Another stirring piece, “Transformation,” soundtracks the man-to-bear transition in the film. My lyrics are translated into Inuit and the song ends up being sung by the Bulgarian Women’s Choir. On paper, an odd juxtaposition and a leftfield choice, you might say. In the finished film, extraordinary.
I do end up singing six of the songs as extras on the soundtrack album, so partially I’m satisfied. But for “Welcome,” one of my best songs for the film, it’s deemed a good idea to ask The Blind Boys of Alabama to sing it. It’s for a hunting scene, where the bear clan welcome the hero bear to the wider ursine family with, basically, an orgy of salmon fishing. The salmon seem oddly unbothered.
This segment is the only one I feel doesn’t work musically: the Boys were a little past their prime, and didn’t have the groove for a song that I wrote as Motown-with-bears.

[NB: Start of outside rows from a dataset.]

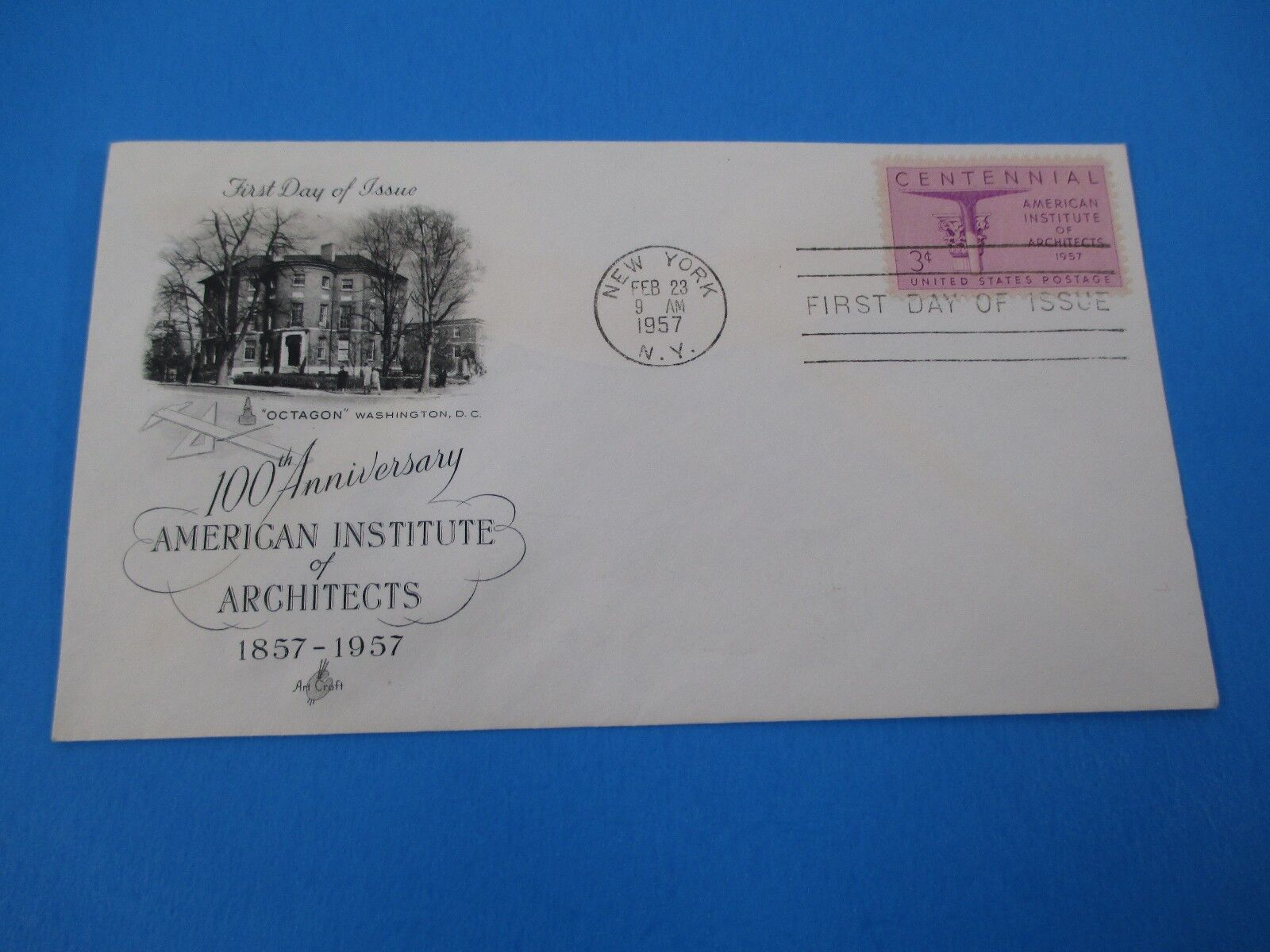 1957 100th Anniversary American Institute Of Architects 1857 New York FDC S2892
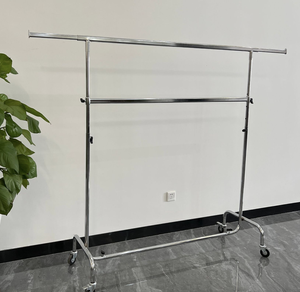 Porte-vêtements moderne en acier inoxydable doré pour hommes, femmes et enfants, avec rail à roulettes mobile, en carton - Product Image 2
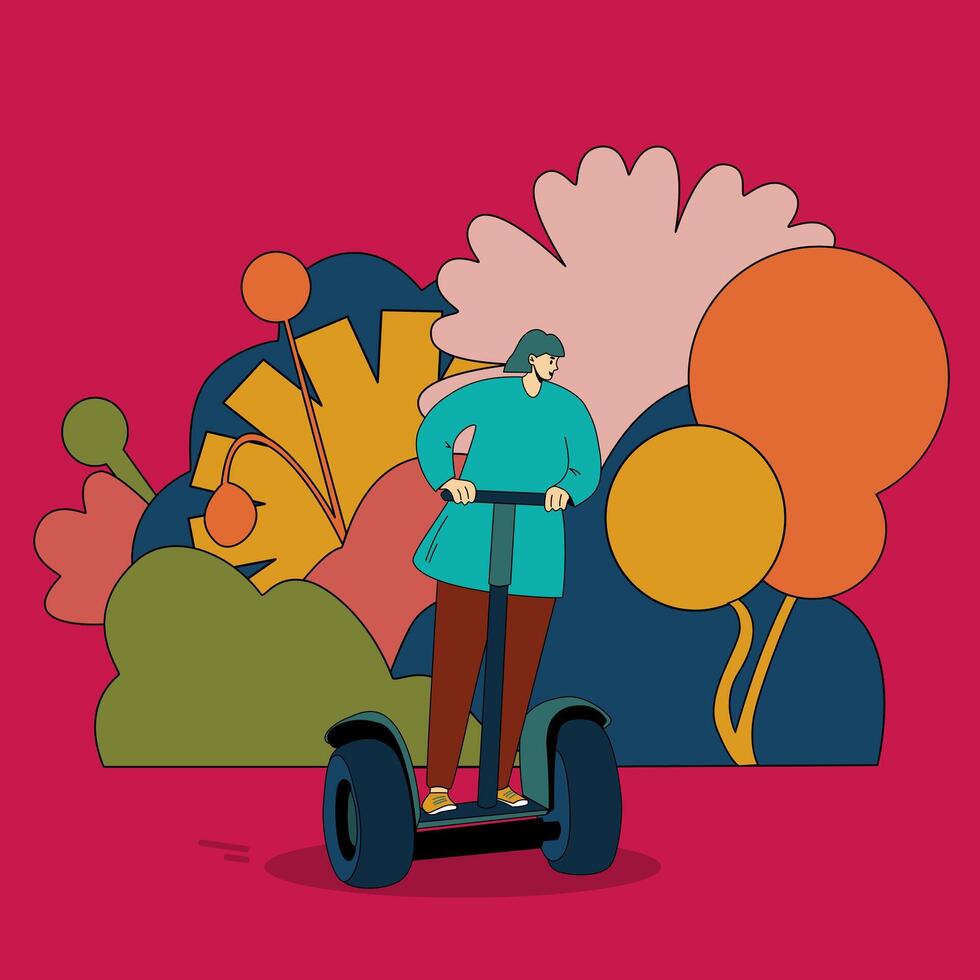 un niña paseos un segway un mujer en un scooter en un antecedentes de flores vistoso ilustración de eléctrico transporte. Respetuoso del medio ambiente transporte vector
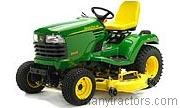 John Deere X595 tractor trim level specs horsepower, sizes, gas mileage, interioir features, equipments and prices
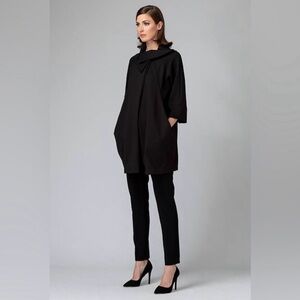 $299 JOSEPH RIBKOFF COAT Wrap Design COWL NECK Cocoon Size 8 Black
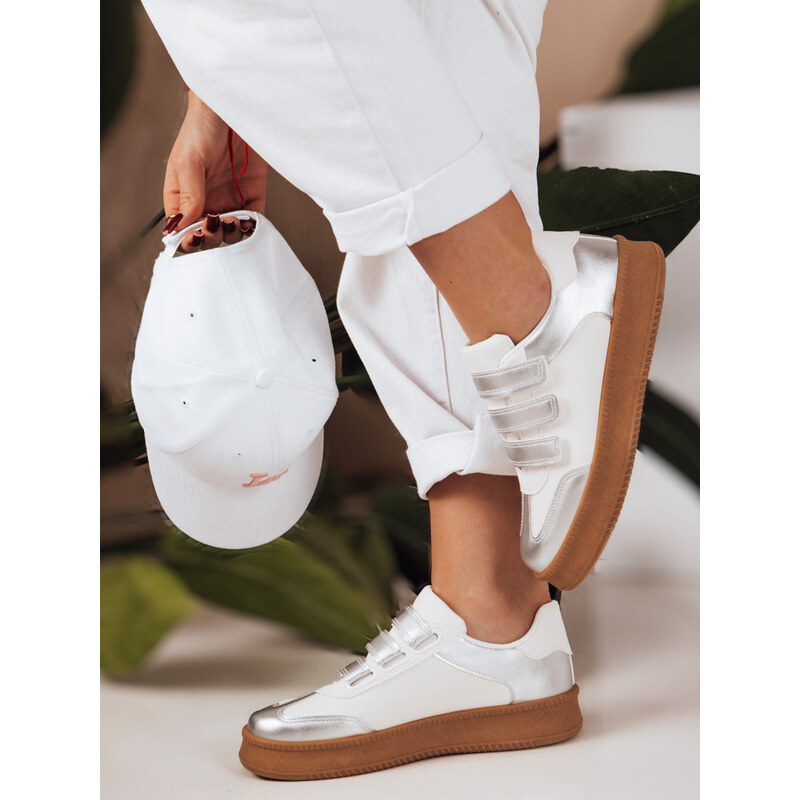 Dámské tenisky na suchý zip SOLEFIT silver FashionStreet ZY0633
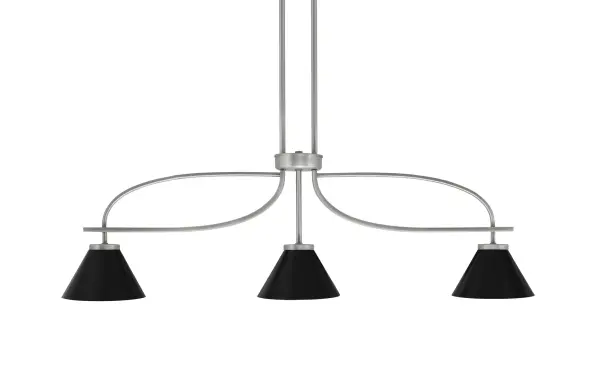 The Cavella 3-Light Island Pendant combines sleek graphite and matte black finishes with cone-shaped metal shades for a contemporary industrial look. Perfect for kitchen islands and dining areas, offering adjustable height and dimmable functionality.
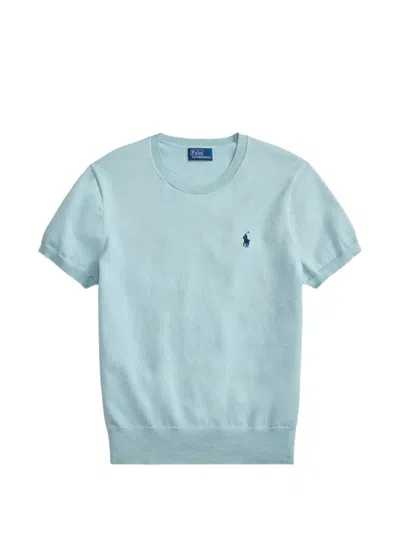 Polo Ralph Lauren Pony-embroidered Knitted T-shirt In Blue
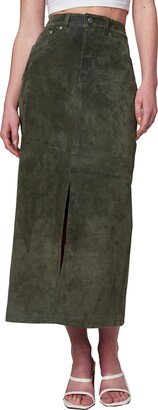 Women's Real Suede Midi Skirt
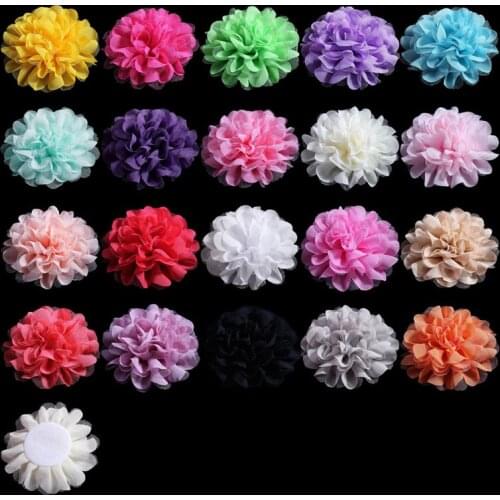 200pcs/lot 12CM 20Colors New Arrived FlatBack Large Mesh Tulle Artificial Fabric Flowers For Wedding Invitation Dress Decorative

Still, when Brother Bear finally opens in October 2003, I do get to share a stage with Tina Turner at the premiere at Broadway’s New Amsterdam Theatre. After the screening, I sing one of my songs, “No Way Out,” and then introduce Tina, who sings “Great Spirits” with me on drums. It’s quite amazing how Tina turns it on. She’ll walk through the soundcheck, she’ll “pretend” she’s retired, and then she’ll kill the song and give a solid-gold performance.
Meanwhile, back in the real (non-animated) world…In parallel with the Brother Bear work, I’ve been working at home—slowly—on the songs for my seventh solo album.

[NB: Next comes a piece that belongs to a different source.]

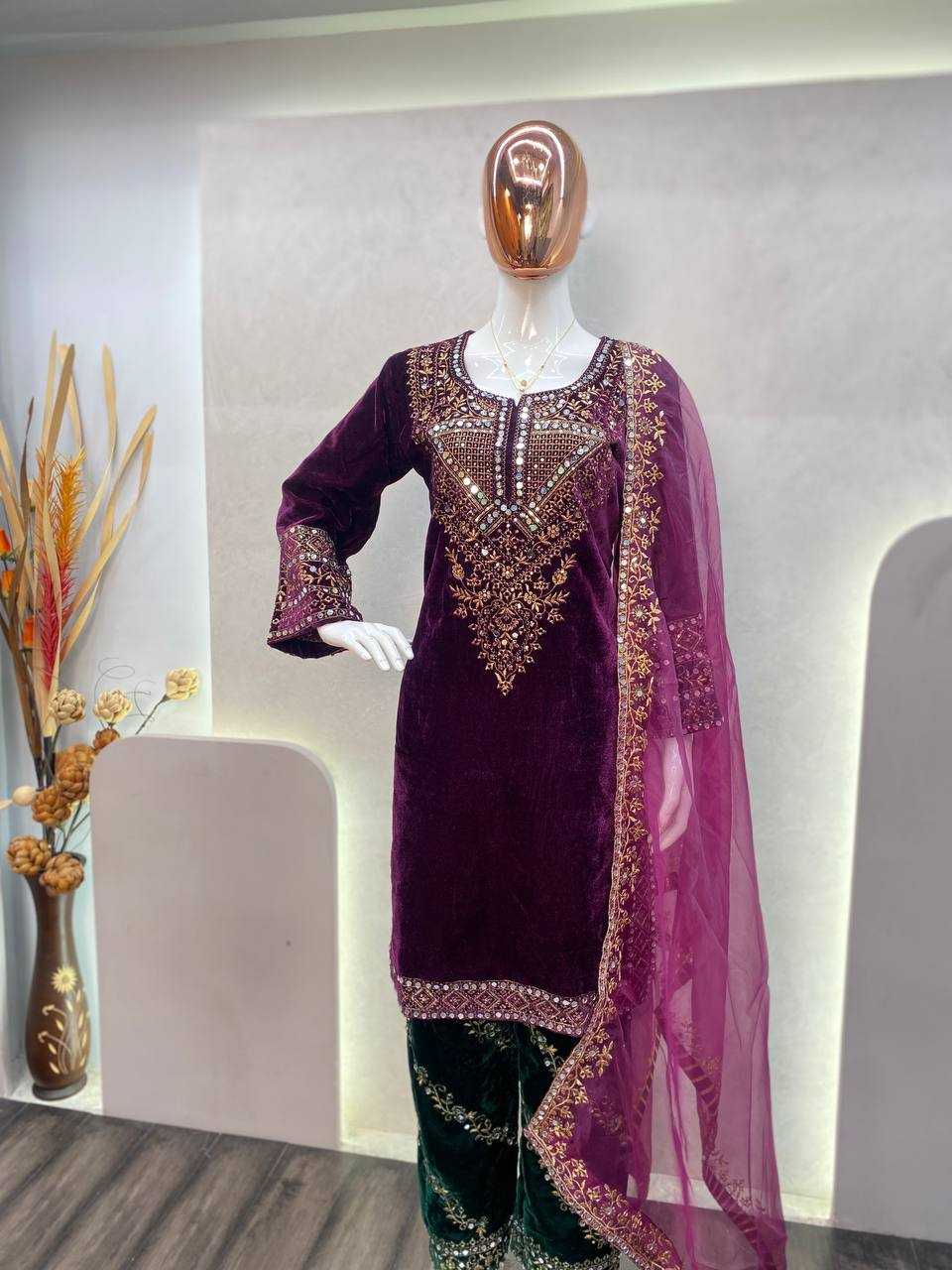 YNF VELVET RIN110 281 SUITS & DRESSES WHOLESALE KASHMIRI VELVET EMBROIDERY LADIES SILK LADIES PARTY WEAR SUITS MANUFACTURER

In late summer 2000, we discover that Orianne is pregnant. Nicholas Grev Austin Collins is born on April 21, 2001, “Grev” in tribute to my dad, and Austin for my brother Clive (it’s his middle name) and our paternal grandfather. This glorious time inspires a new batch of writing. “Come with Me” is about Nic as a baby, but really it’s about any baby. It’s a rush of pure paternal love and care: don’t worry about anything, come with me, close your eyes, it’s going to be all right.